As the SARC dataset has many variants (Main Balanced, Main Unbalanced, and Pol), in order to make our analyses more consistent with the Sarcasm V2 Corpus, we run our experiments only on the first version of the Main Balanced dataset, composed of an equal distribution of both sarcastic (505,413) and non-sarcastic (505,413) statements (total train size: 1,010,826). The authors also provide a balanced test set of 251,608 comments, which we use for model evaluation.
SARCTwitter. To test our models on comments with a structure more similar to the EmoNet ones, we select the benchmark dataset used by Majumder et al. [
28] and created by Mishra et al. [
7]. The dataset consists of 994 tweets from Twitter, manually annotated by seven readers with both sarcastic and sentiment information, i.e., each tweet has two labels, one for sentiment and one for sarcasm. Out of 994 tweets, 383 are labeled as positive (sentiment) and the remaining 611 are labeled as negative (sentiment). Additionally, out of these 994 tweets, 350 are labeled as sarcastic and the remaining 644 are labeled as non-sarcastic. The dataset contains also eye-movement of the readers that we ignored for our experiment as our focus is to detect sarcasm
solely from the text content. We refer to this dataset as SARCTwitter.
7. Conclusions and Future Work
Sarcasm is a complex phenomenon which is often hard to understand, even for humans. In our work, we showed the effectiveness of using large pre-trained BERT language models to predict it accurately. We demonstrated how sarcastic statements themselves can be recognized automatically with a good performance without even having to further use contextual information, such as users’ historical comments or parent comments. We also explored a transfer learning framework to exploit the correlation between sarcasm and the sentiment or emotions conveyed in the text, and found that an intermediate task training on a correlated task can improve the effectiveness of the base BERT models, with sentiment having a higher impact than emotions on the performance, especially on sarcasm detection datasets that are small in size. We thus established new state-of-the-art results on three datasets for sarcasm detection. Specifically, the improvement in performance of BERT-based models (with and without intermediate task transfer learning) compared with previous works on sarcasm detection is significant and is as high as 11.53%. We found that the BERT models that use only the message content perform better than models that leverage additional information from a writer’s history encoded as personality features in prior work. We found this result to be remarkable. Moreover, if the dataset size for the target task—sarcasm detection—is small then intermediate task transfer learning (with sentiment as the intermediate task) can improve the performance further.

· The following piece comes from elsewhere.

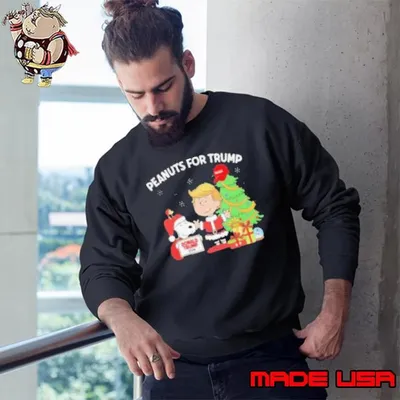 A Charlie Brown Christmas Peanuts For Trump Merry Christmas 2024 Sweatshirt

We believe that our models can be used as strong baselines for new research on this task and we expect that enhancing the models with contextual data, such as user embeddings, in future work, new state-of-the-art performance can be reached. Integrating multiple intermediate tasks at the same time could potentially improve the performance further, although caution should be taken to avoid the loss of knowledge from the general domain while learning from the intermediate tasks. We make our code available to further research in this area.